“We Came Here Along With the Land”: Examining the Angst and Apprehensions Towards the NRC Through Literary Engagements of the Gorkha in South Asia

Demand for Gorkhaland
Demand for Gorkhaland

The exhibition of angst during the visit of the current Darjeeling MP Raju Bista of the BJP to Kalimpong forms the backdrop of the discussion in this article. The closure of the highway for the elected representative’s visit was engrained in the uncertainty concomitant of the NRC, CAA (CAB), and notions “Citizenship” and statelessness among the native Nepali speaking people (the Gorkha) in North Bengal. For over a century, the Gorkha in India has embroiled in a contest over authentic ethnocultural cartographic representation within the Union of India. They have been the regular suspect as foreigners, aliens, illegal, etc. The discussion in the paper by weaving across literary works including local plays in Nepali language attempts to bring to the fore the complex politics of representations, performance, and aesthetics of the contested claims to the Trans-Himalayan ‘Shared heritages’ of ‘Gorkha’ and being rooted as the ‘bhoomiputra’ across South Asia.
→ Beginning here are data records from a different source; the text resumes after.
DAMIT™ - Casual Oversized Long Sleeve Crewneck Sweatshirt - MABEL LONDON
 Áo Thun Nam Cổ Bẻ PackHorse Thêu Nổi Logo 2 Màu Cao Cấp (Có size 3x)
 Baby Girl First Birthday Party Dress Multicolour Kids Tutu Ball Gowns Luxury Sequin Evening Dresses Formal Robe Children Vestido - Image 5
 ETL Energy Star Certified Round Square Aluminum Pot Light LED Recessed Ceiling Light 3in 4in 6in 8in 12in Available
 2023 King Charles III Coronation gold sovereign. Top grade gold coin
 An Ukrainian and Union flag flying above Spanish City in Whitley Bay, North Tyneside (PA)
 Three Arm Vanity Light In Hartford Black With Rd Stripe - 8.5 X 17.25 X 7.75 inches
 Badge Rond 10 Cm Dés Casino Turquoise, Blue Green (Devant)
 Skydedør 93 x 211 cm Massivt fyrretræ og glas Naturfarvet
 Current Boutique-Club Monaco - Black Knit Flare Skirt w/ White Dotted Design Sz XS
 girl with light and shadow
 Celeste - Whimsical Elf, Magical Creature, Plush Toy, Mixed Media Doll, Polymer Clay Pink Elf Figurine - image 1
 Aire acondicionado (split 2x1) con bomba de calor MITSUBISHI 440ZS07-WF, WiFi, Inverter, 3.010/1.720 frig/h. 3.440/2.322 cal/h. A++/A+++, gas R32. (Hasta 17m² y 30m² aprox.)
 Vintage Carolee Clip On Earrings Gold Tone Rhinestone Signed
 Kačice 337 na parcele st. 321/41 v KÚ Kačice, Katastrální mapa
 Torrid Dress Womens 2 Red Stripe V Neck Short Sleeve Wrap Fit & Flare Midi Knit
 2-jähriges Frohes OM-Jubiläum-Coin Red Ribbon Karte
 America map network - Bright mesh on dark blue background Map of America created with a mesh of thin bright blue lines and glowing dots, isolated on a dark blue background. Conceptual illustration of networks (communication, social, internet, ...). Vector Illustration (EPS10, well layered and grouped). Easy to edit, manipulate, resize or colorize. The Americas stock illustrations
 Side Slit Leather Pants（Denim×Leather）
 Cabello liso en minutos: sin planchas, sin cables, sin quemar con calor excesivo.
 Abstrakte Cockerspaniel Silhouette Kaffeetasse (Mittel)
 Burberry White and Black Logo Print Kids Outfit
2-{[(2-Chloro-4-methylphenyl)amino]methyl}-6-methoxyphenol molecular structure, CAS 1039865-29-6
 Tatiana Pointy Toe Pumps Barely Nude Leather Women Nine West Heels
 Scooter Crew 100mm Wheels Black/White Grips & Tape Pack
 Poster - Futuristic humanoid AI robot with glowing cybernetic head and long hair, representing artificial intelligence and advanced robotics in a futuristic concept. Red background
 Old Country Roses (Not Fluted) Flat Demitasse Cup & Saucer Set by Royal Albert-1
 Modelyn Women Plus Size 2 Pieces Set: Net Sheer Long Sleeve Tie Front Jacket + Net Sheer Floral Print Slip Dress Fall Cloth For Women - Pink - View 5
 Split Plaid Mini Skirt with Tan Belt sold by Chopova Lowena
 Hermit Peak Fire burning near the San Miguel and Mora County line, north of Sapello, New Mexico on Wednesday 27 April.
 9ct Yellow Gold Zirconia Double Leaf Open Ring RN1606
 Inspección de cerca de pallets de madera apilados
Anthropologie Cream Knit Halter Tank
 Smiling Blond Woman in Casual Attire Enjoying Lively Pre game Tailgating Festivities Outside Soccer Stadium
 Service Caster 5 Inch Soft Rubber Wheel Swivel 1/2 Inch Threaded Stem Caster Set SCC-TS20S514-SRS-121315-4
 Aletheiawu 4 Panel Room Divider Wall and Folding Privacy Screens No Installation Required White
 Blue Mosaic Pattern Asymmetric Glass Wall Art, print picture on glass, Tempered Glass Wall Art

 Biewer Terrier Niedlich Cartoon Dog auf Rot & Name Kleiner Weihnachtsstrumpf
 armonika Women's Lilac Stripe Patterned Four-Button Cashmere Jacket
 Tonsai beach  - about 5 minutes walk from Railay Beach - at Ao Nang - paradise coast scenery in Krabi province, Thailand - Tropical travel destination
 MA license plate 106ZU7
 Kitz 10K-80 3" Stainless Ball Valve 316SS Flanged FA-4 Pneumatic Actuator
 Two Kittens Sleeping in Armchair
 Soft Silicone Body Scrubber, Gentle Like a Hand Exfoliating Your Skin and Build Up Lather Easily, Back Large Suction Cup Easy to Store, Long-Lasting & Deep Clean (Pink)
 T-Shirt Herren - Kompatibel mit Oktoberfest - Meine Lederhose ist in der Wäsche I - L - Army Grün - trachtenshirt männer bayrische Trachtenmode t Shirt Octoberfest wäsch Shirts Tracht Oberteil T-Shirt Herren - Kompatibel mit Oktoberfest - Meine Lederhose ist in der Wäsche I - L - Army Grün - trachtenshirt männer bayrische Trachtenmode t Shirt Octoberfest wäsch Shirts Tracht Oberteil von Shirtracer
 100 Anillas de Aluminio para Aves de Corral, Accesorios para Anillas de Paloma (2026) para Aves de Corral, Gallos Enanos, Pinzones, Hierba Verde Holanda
History as Vexed and Contested

History writing, interpreting history, and conceiving any event as history is markedly selective and therefore involves indeed ‘political’ choices and decisions. The methodology infused into the engagement and resource collection, as well as documentation, selectively attempts at familiarizing and de-familiarizing of select events. Thereby the event is perceived through what Foucault calls a gaze. In many senses, the gaze of history, which fills our knowledge and informs us, is markedly statist. History as a political engagement selectively erases and reproduces events through pedagogical enterprise. Understanding ‘History’ as a vexed exercise of claims-making by communities, the discussion attempts to complicate the issues of territorialization of the Gorkha identity around Darjeeling -the center-stage of movements for a separate state Gorkhaland. The vexed multiethnic contest over the cartography of Darjeeling and North Bengal at large makes it also the fertile ground for the germination of the cultural, artistic outburst. Like in other parts of the Northeast of India, where state censorship on overt political expressions has opened the avenues of emic community expressions through the medium of print or performance, Darjeeling, has had its share of the emergence of performance through literary and theatrical engagements. The arena of writing, singing, and performance in this sense opens up possibilities of alternative histories and meaning-making of events both at present and in the long past. Herein comes the weight of Chinua Achebe’s (the Nigerian novelist and poet) quotation of an African Proverb: “until the lions have their historians, the history of the hunt will always glorify the hunter.”

The ‘Home’ and Outside

The claims and the contests to cling to (and thereby share) a trans-Himalayan Gorkha/Gorkhey identity are posed with multidirectional challenges. The contests, the claims, and the connections can be gleaned through the literary and theatrical engagements. Literary studies on the Nepali-speaking people would inevitably begin with full dedication to Bhanubhakta Acharya. Deviating from that trend, the discussion in this paper would skirt the ‘Adi Kavi’ and focus on Modern Nepali literature. Modern Nepali literature throughout the twentieth century engaged with the Gorkha/Gorkhey identity and its vexed exclusivities hemmed to a region in Nepal and, in that sense to a select group of people and the claims-making to that region-specific identity by those living outside the cartographic map of Nepal in its contemporary order. Nepali, known by various names such as Khas, Parbate, and Gorkhali, established itself as the primary language of Nepal on its emergence as an enlarged Kingdom around 1816. Benares had been the principal center of learning Nepali, as a large corpus of literary works were printed and published from there. Print nationalism from Darjeeling took control of the production of Nepali literature from Darjeeling. It shifted the center of knowledge creation, and articulation from a highly Sanskrit influenced Benares to a more indigenously engrained Nepali intonation from Darjeeling.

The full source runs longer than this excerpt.